Where our politicians are heading is unknown .

Monday, 10 October 2011

Jagjit Singh - Vacuum forever

Today at 8.10 am , ghazal mastro left us for ever .
I have been listening to his ghazalas from a very early age as my father has been die hard fan of jagjit singh . My father was also very upset today .
His voice has been reason for ignition of so many emotions ...both Happy and sad.

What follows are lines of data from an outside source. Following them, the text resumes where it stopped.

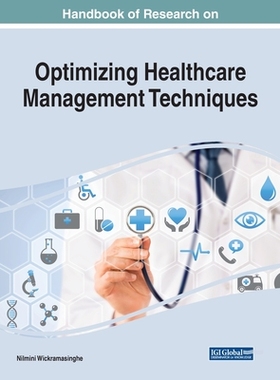 【预订】Handbook of Research on Optimizing Healthcare Management Techniques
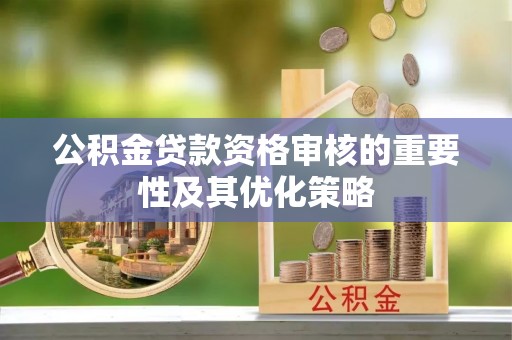 邱县公积金贷款资格审核的重要性及其优化策略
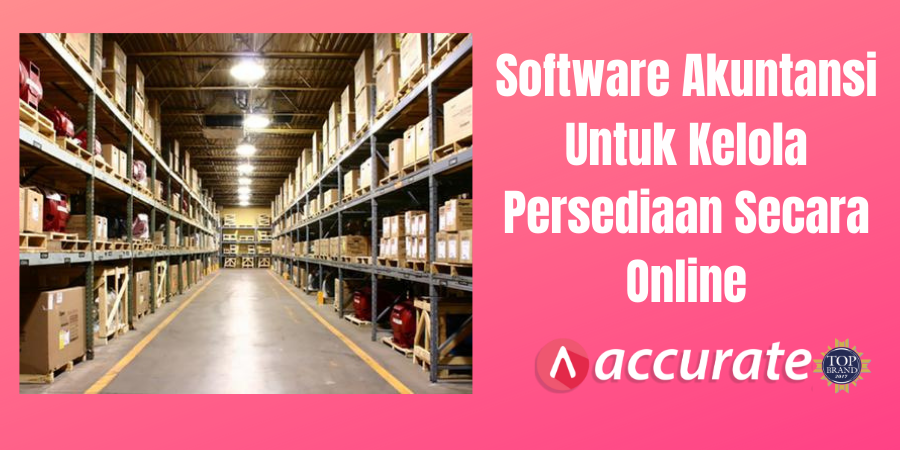Software Akuntansi Untuk Kelola Persediaan Secara Online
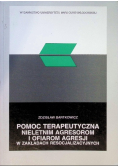 Pomoc terapeutyczna nieletnim agresorom i ofiarom agresji w zakładach resocjalizacyjnych
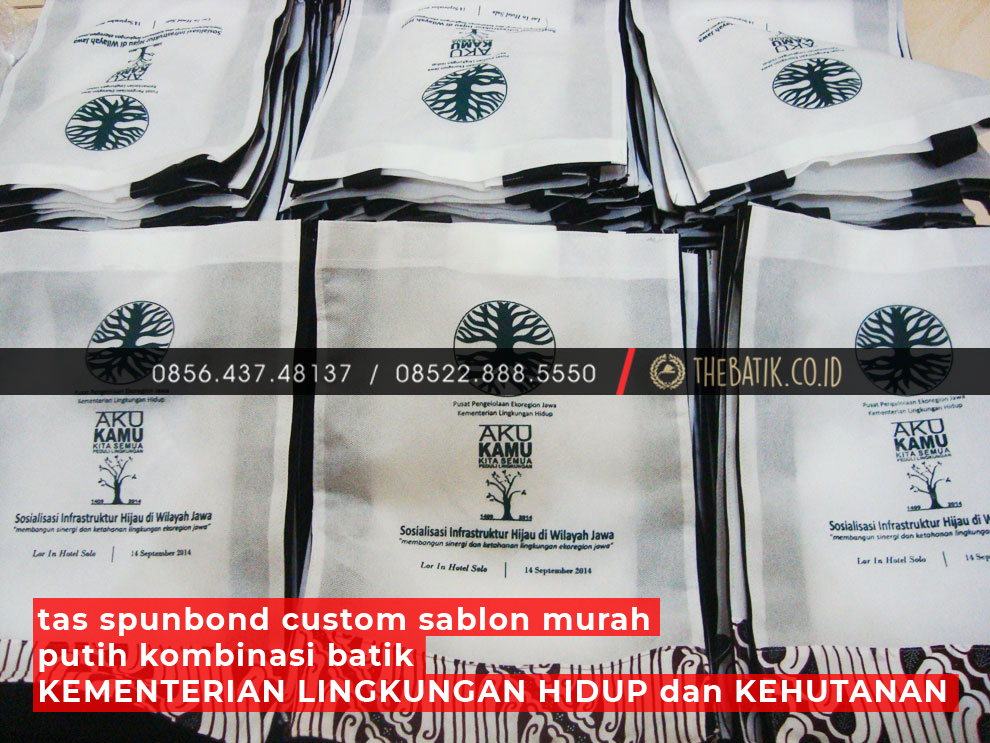 Tas Spunbond Custom Sablon Murah Putih Kombinasi Batik KEMENTERIAN LINGKUNGAN HIDUP dan KEHUTANAN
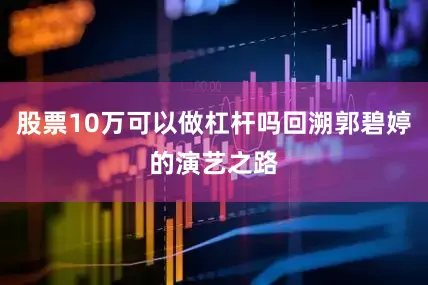 股票10万可以做杠杆吗回溯郭碧婷的演艺之路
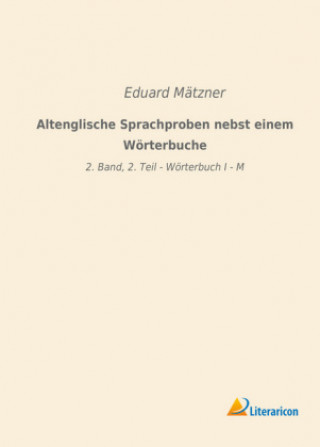 Kniha Altenglische Sprachproben nebst einem Wörterbuche Eduard Mätzner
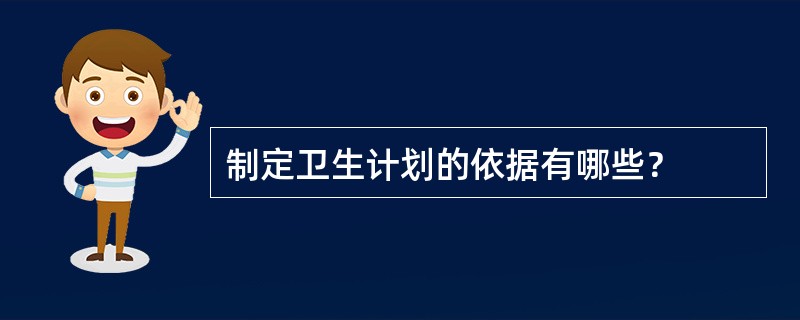 制定卫生计划的依据有哪些？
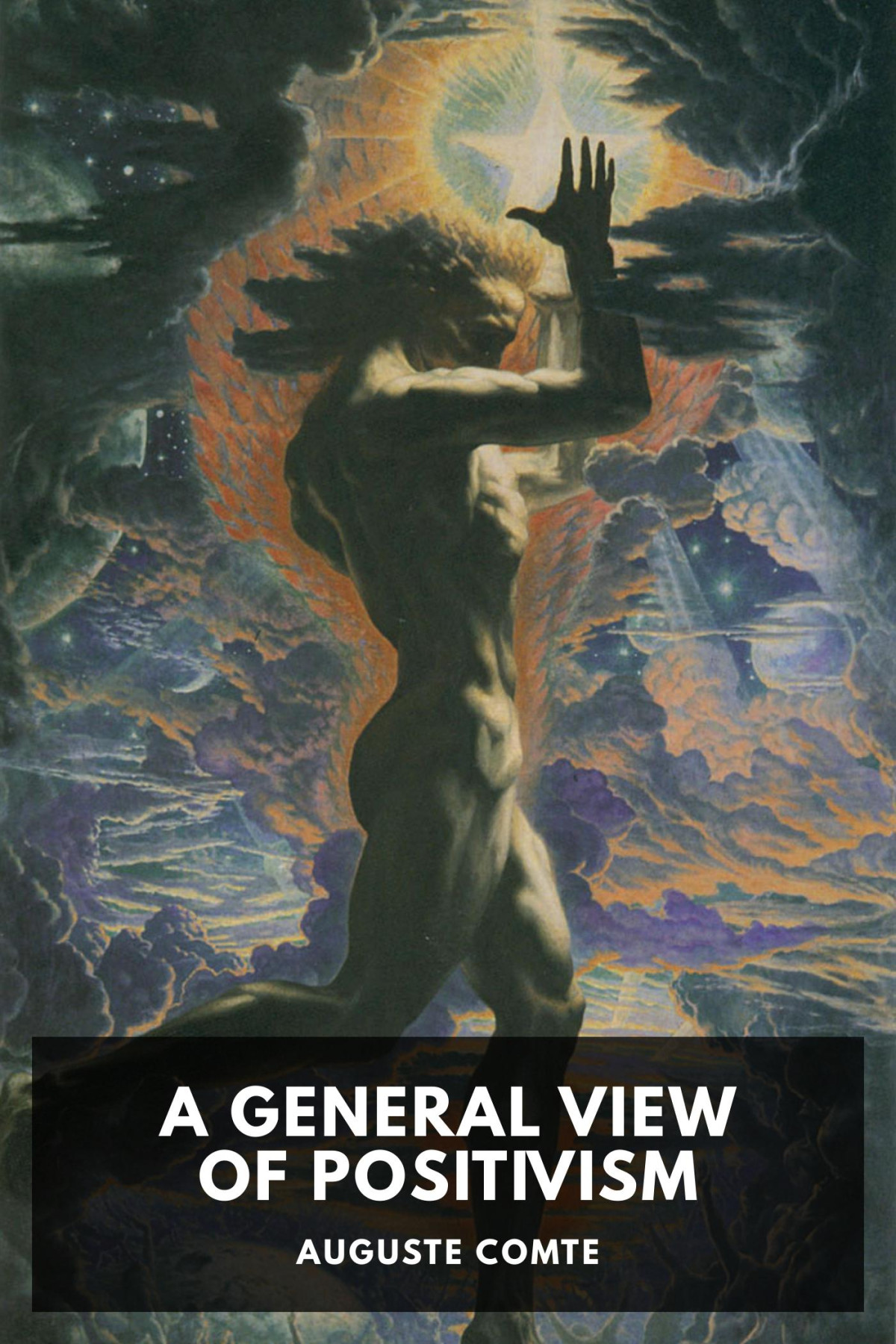 A General View Of Positivism Auguste Comte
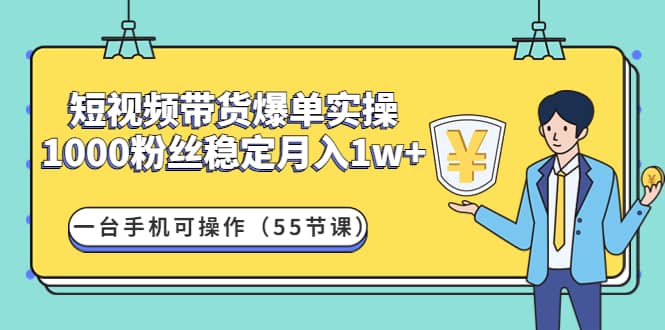 短视频带货爆单实操：一台手机可操作（55节课）-刀客资源网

He has left a long silence unfilled.
May god rest his soul in peace and give strength to all family and friends to bear this great loss .

Friday, 30 September 2011

3 Wishes

It was the last time when my mother came to Delhi in Jan 2008 . Since I was occupied with my work schedules , Jayanti took my parents to Chatarpur mandir . My mother new that if you have some wishes, its granted if you tie a thread there . She tied 3 .
Just 10 days later , I lost her forever .Few days back I was discussing this with my sister and she told me that the 3 wishes she wanted to be granted were ,
- My youngest sister marriage
- A baby for my sister who was married for past 5 years
- And a good relationship for me and jayanti .
She could have easily asked for her good health , but her priority were always we .
Now when she is no more , I think why she didn’t tied 4 threads , the 4th one for her own good health .

Friday, 23 September 2011

Radio

In the winter of 2008 , it was the last time my mother came to Delhi . January 16th till 28th and then I lost her forever on 2nd Feb . She always liked old hindi songs , all colorful and positive . As she was from a very average family , the only source of entertainment was radio . Before leaving for my home town Bokaro , she conveyed her desire for a radio .
But I was not even able to present her a radio which would have hardly cost anything significant .
Am I worth anything now , when I can’t even buy a Radio for my mother . She is no more with me . I always think, is it always beneficial to plan for future .
Its more important to plan present than future , but I learned this when I lost all .

Sunday, 11 September 2011

Jane tu Ya jane Na

Lyrics from movie Jane tu Ya jane Na
kahin to hogi wo duniya jahan tu meri sath hai ,
jahan mai jahan tu aur jahan bus teri meri jajbat hai aur ,
jahan subha teri palkon ki kirno me lori jahan chandki sone de baho me ,

jane na kahan wo duniya hai jane na wo hai bhi ya nahi ,
jahan meri zindagi mujse itani khafa nahi
,

This song reminds me of my Maa
Really don’t know where she is now , will I be able to meet her again , will she recognize me ,will she still love me .................
Maa, you have taken all my happiness ...all my joy
Just one last request ...when we meet again ...please recognize me ....I am helpless Maa and I don’t even know I will be able to meet you again

Saturday, 20 August 2011

Song of my Mother

I don’t remember exactly the year , but it was from movie "Jo Jeeta Wohi Sikandar” , a song which my mother used to listen with so emotions . Might be she used to miss her mother ( my nanimaa ) .
The song was " Ruth ker mujse kabhi , jo chale jao ge tum, ye na socha tha kabhi , itne yaad aaoge tum ".
Its 3 years now and the song makes me so emotional . I never thought that she would leave me soooooo early ...all alone and then the same song makes me emotional ....i never thought this song would become so relevant for me .
Life has taken so many ups and down , but the lost has been unrecoverable .
I heard that time fills all gaps , but for me , I still miss her every day , each moment of my life .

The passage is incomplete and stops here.